IPO deposited with low pressure O.sub.3 -TEOS for planarization in multi-poly memory technology

The present invention provides a method of inter-poly oxide (IPO) layer underlying a polysilicon resistor in a memory product. The IPO layer 15 is formed by a modified low pressure SACVD-O.sub.3 -TEOS process that gives the IPO layer a smoother surface and good planarization. This IPO layer gives the overlying polysilicon resistors a more uniform resistance. The method begins by providing a semiconductor structure 10. Next, in an important step, an inter-poly oxide (IPO) layer 11 is formed using low pressure ozone assisted sub-atmospheric chemical vapor deposition (SACVD O.sub.3 -TEOS) process at a pressure between about 20 and 150 torr. A polysilicon resistor 15 is then formed on said inter-poly oxide (IPO) layer. The memory device is completed by forming passivation and conductive layers thereover.

1) FIELD OF THE INVENTION 
This invention relates generally to the fabrication of a dielectric layer 
and a resistor for a semiconductor device and more preferably a method for 
forming an inter-poly oxide (IPO) layer using a O.sub.3 -SACVD process 
under a polysilicon resistor for a memory device. 

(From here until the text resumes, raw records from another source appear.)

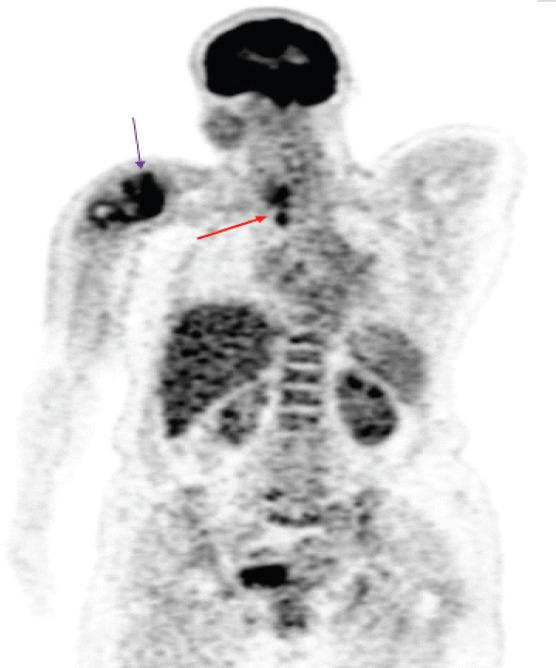 https://cdn.ncbi.nlm.nih.gov/pmc/blobs/abf3/12064254/b6eff470b4e9/JOCR-15-85-g004.jpg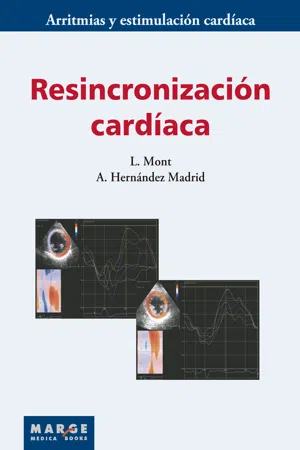 Resincronización cardíaca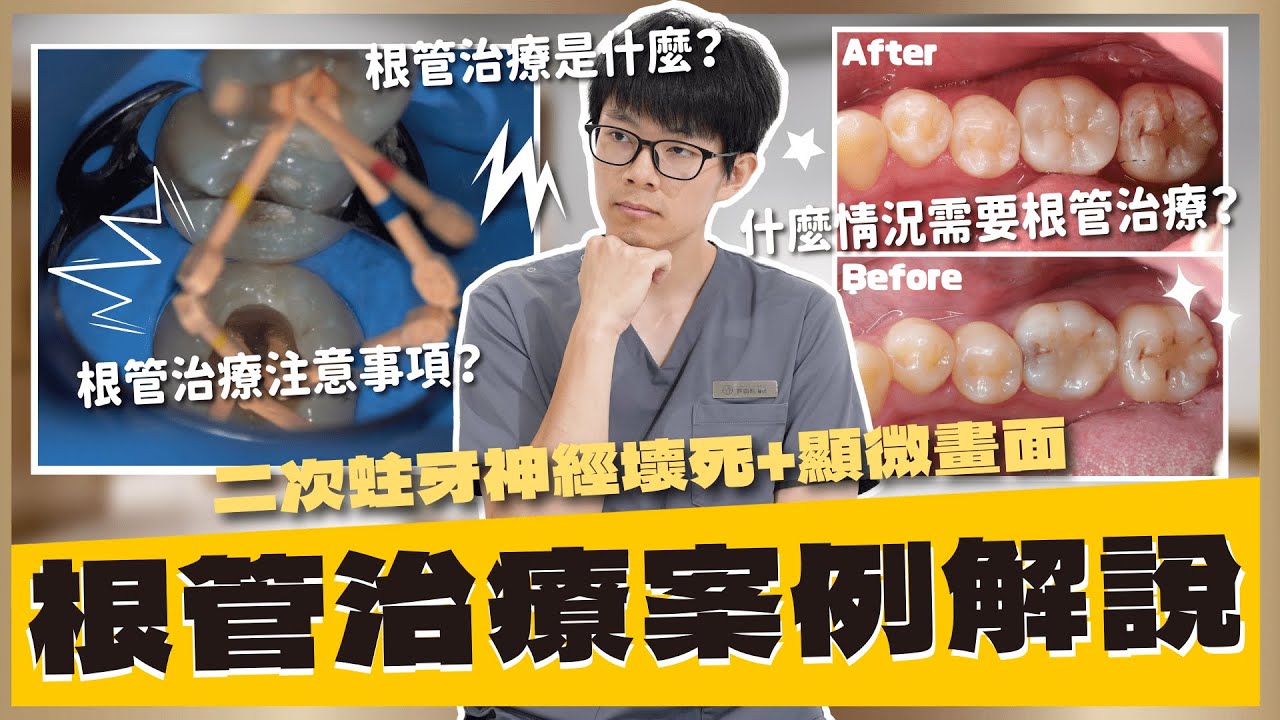 【蛀牙 #11】根管治療的步驟有哪些？根管治療還需要注意這些情況？就讓小許醫師利用這些根管治療的案例帶大家深入了解！｜【祐民牙醫－隱適美旗艦店】鑽石級楊大為醫師 #根管治療 #祐民牙醫 #抽神經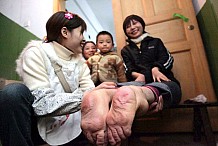 Chine : Une femme naît avec des pieds et des mains en arrière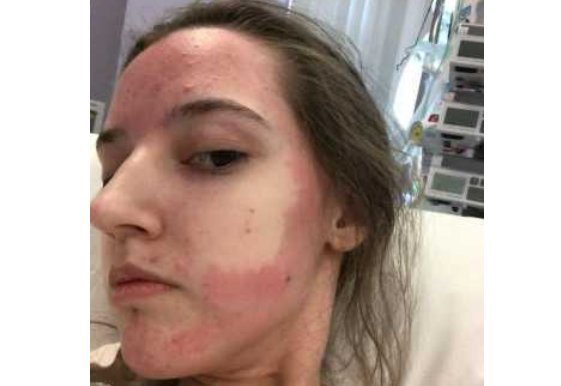 对所有食物过敏英国女子，她是靠什么为生的？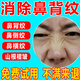 鼻背紋去除神器久消除修復臉上鼻梁橫紋貼抗皺紋防衰老祛額頭肌肉臉川字紋淡化山根褶皺緊致舒紋面霜 單盒體驗裝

2) DESCRIPTION OF THE PRIOR ART 
Inter-poly oxide (IPO) layer planarization is a critical process in 
semiconductor manufacturing and more particularly in memory devices, 
especially SRAM products. The rough topology of underlying devices reduces 
photo depth of focus (DOF) and induces etch residues. 
A circuit schematic for a typical polysilicon load resistor SRAM cell, 
commonly referred to as poly-load SRAM is shown in FIG. 1. Only one of the 
cells in the array of cell is shown in FIG. 1. The SRAM circuit is 
fabricated using polysilicon resistors that are doped with an N-type 
conductive dopant of the load resistors, labeled P1 and P2 in FIG. 1. Two 
N-channel FETs formed in and on the substrate are used for the drive 
transistors, labeled N1 and N.sub.2 and two N-channel FETs, formed at the 
same time, are also used as the pass transistors, and labeled WN1 and WN2 
in FIG. 1. 
The inventor has found that current inter-poly oxide (IPO) layers that are 
formed under polysilicon load resistors have several problems. As shown in 
U.S. Pat. No. 5,652,174 (Wuu et al) assigned to the same company, a LPCVD 
TEOS oxide layer is often formed under load resistors. First, a problem 
with current dielectric layers (IPO) under resistors is that the 
underlying topology is very rugged and uneven. The LPCVD TEOS layer is a 
conformal layers that replicates the rough topology. This uneven topology 
under the poly resistor causes poly Load resistor (Rs) fluctuations. 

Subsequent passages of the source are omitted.